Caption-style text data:
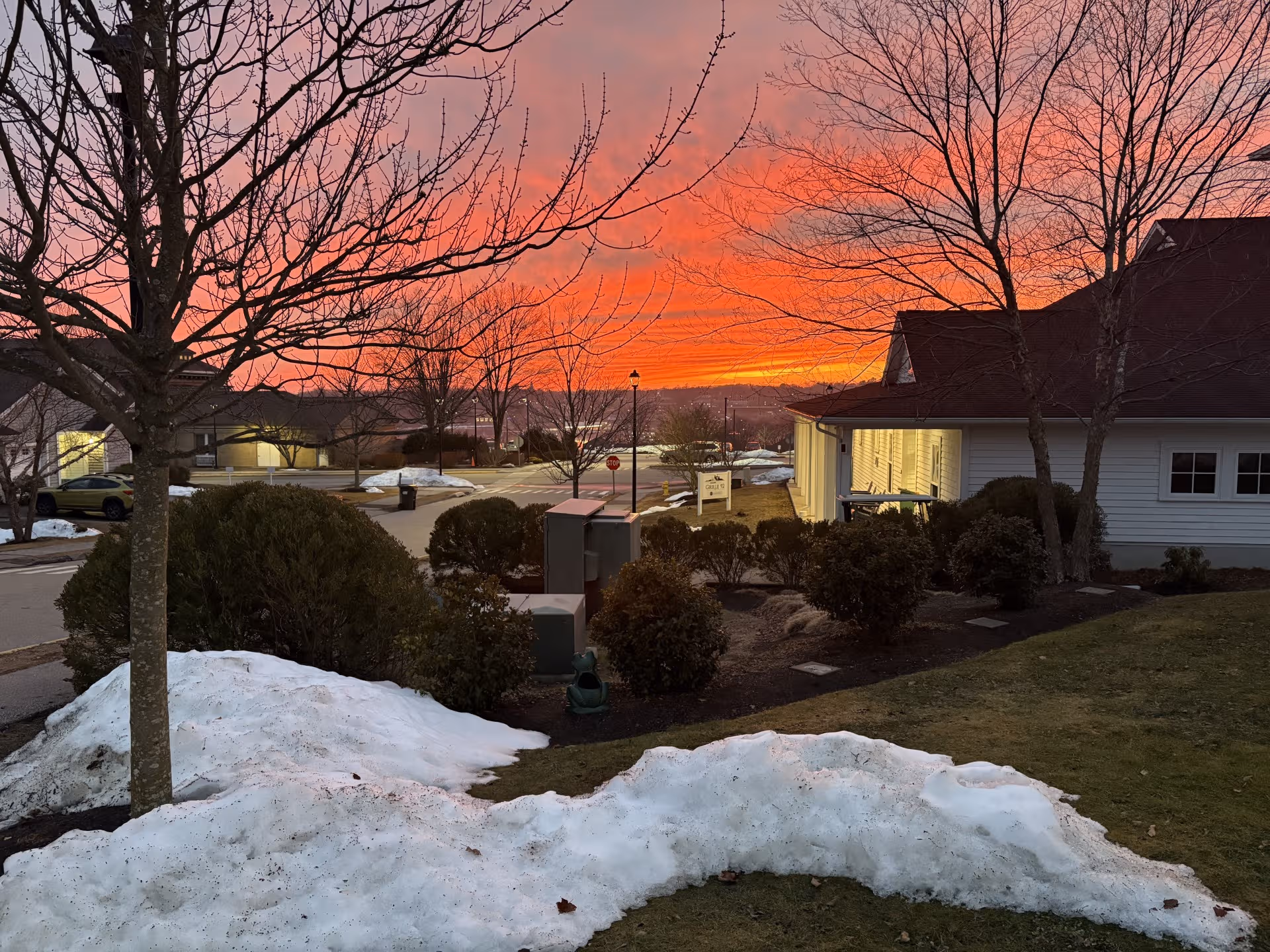 Sunset sky over the exterior of a Fairview senior living facility with snow.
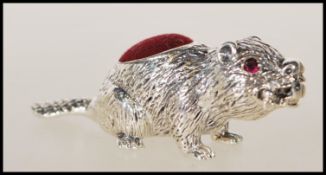 A stamped 925 silver pincushion in the from of a beaver having a red velvet pincushion to the back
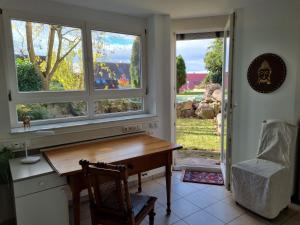 a home office with a desk and a window at Ferienwohnung Waldblick in Heiligenzell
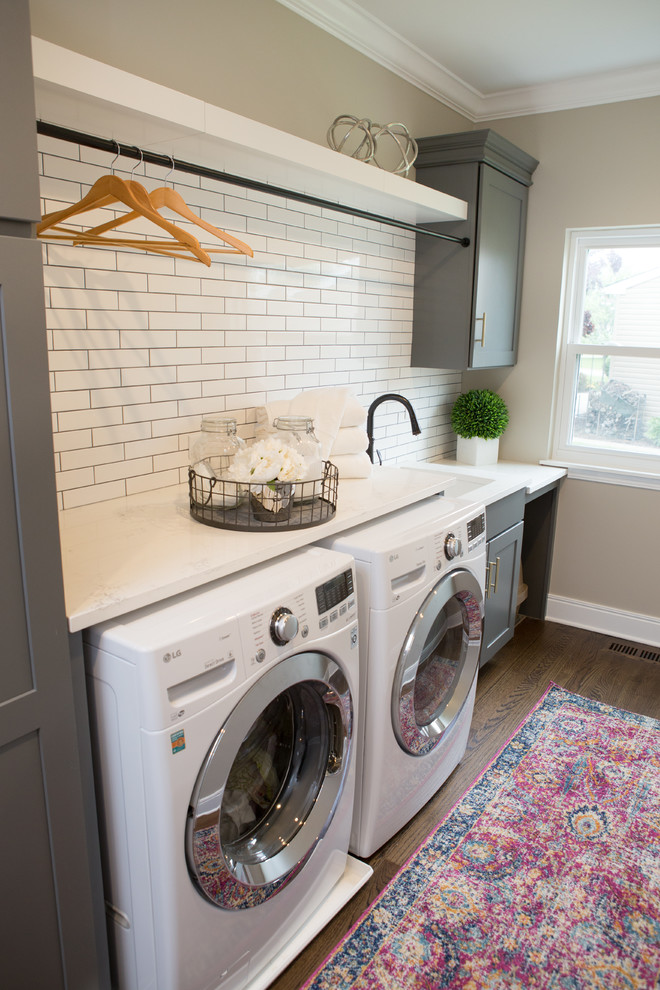 Utility room - mid-sized transitional u-shaped medium tone wood floor and brown floor utility room idea in Chicago with a farmhouse sink, shaker cabinets, quartz countertops, white backsplash, subway tile backsplash, white countertops, gray cabinets, beige walls and a side-by-side washer/dryer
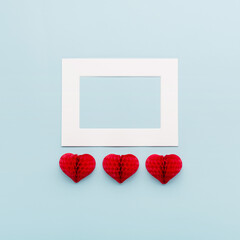 Valentine's Day holiday card. Red small paper hearts and white empty frame on pastel blue background. Valentines day concept.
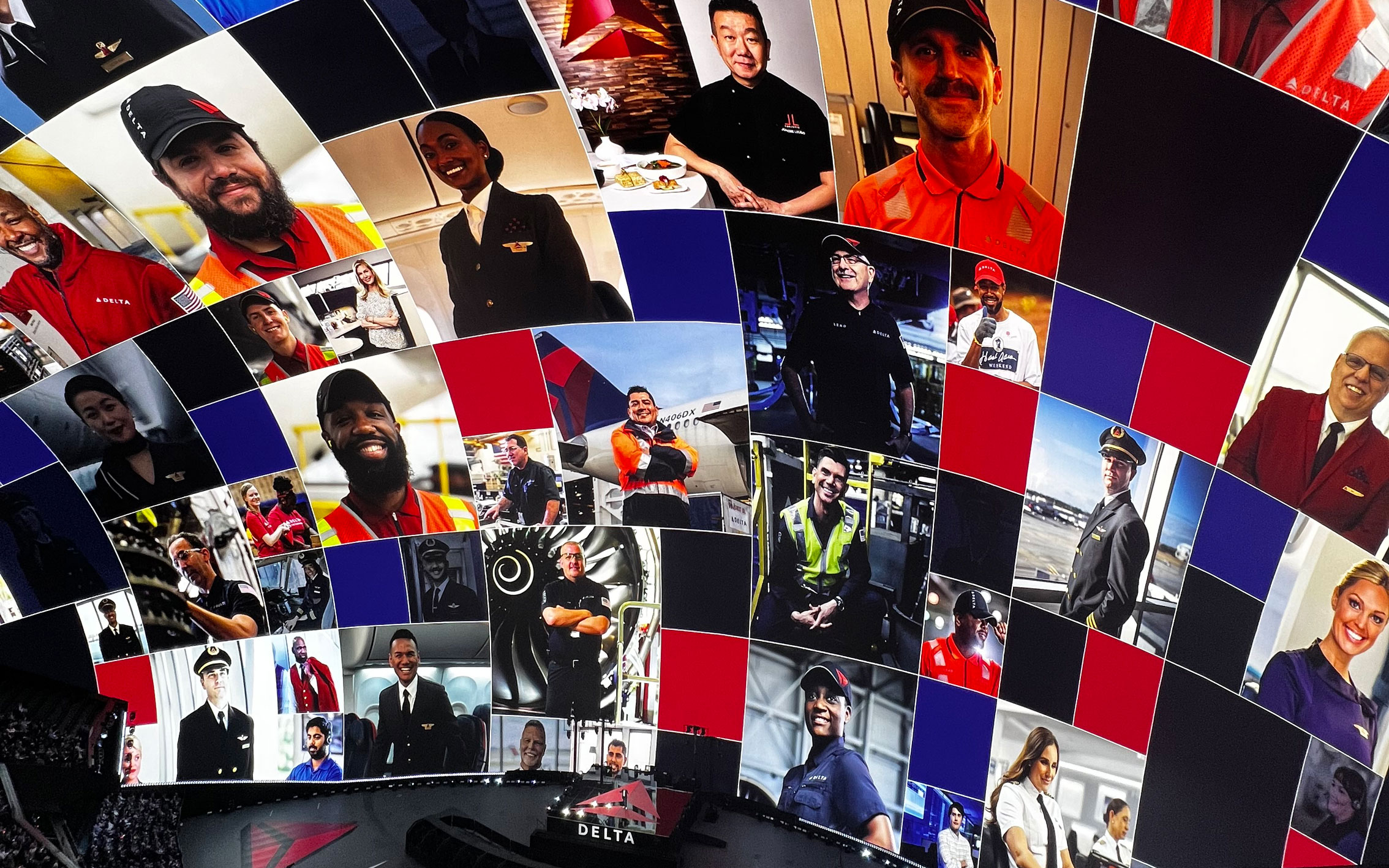 a view of the inside of the Vegas Sphere, showing images of various people working at Delta on the curved screen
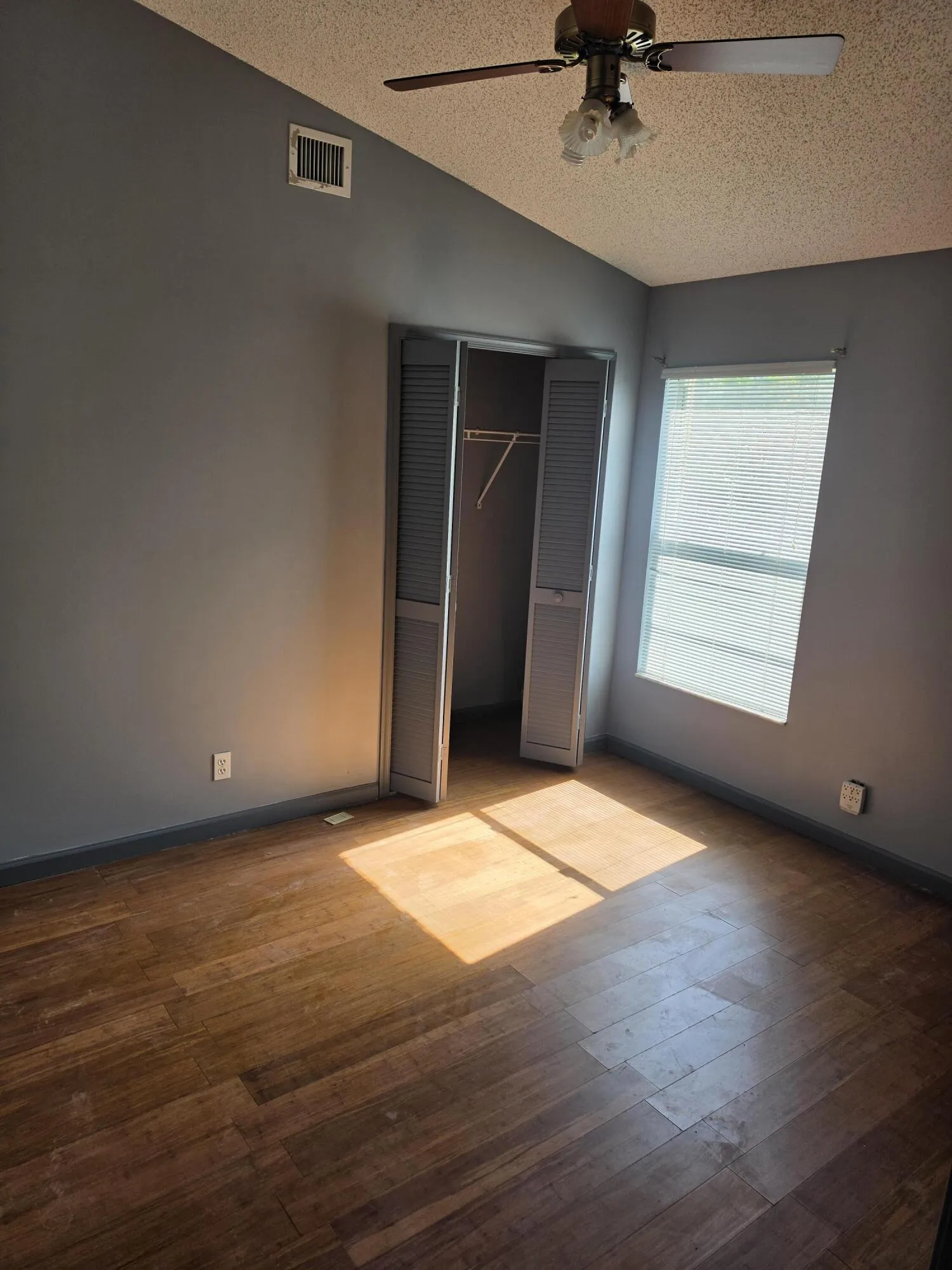 Wood-finish flooring complemented by a ceiling fan with integrated lighting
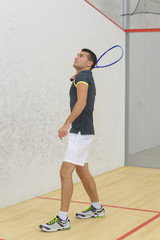 young man is playing tennis indoors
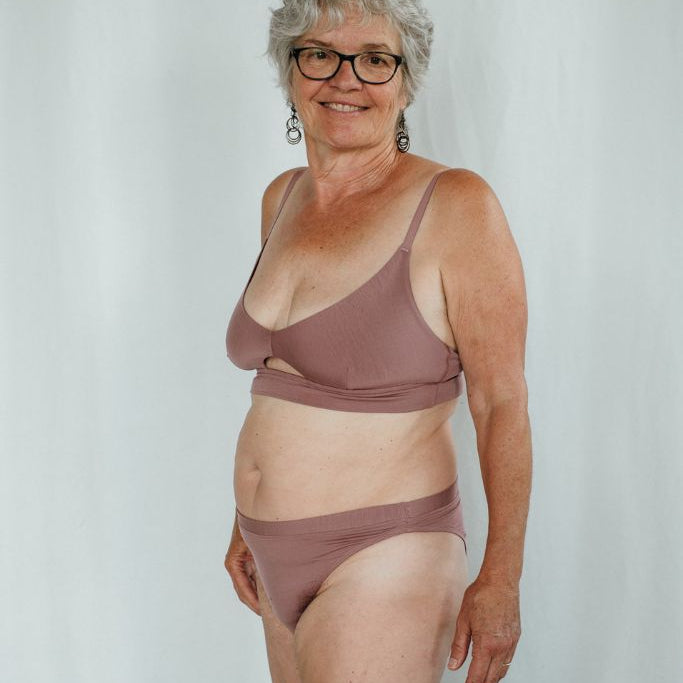 La femme regarde la caméra et porte le Thea Bralette en haut et le cheeky Slip  Thea en bas.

The task: Nothing but the pictures may be dropped; output the records above exactly.

Completed task:
 Sunset sky over the exterior of a Fairview senior living facility with snow.
 A stamped 925 silver pincushion in the from of a beaver having a red velvet pincushion to the back
 a home office with a desk and a window at Ferienwohnung Waldblick in Heiligenzell
 Utility room - mid-sized transitional u-shaped medium tone wood floor and brown floor utility room idea in Chicago with a farmhouse sink, shaker cabinets, quartz countertops, white backsplash, subway tile backsplash, white countertops, gray cabinets, beige walls and a side-by-side washer/dryer
 Valentine's Day holiday card. Red small paper hearts and white empty frame on pastel blue background. Valentines day concept.
 a view of the inside of the Vegas Sphere, showing images of various people working at Delta on the curved screen
 Wood-finish flooring complemented by a ceiling fan with integrated lighting
 young man is playing tennis indoors
 La femme regarde la caméra et porte le Thea Bralette en haut et le cheeky Slip  Thea en bas.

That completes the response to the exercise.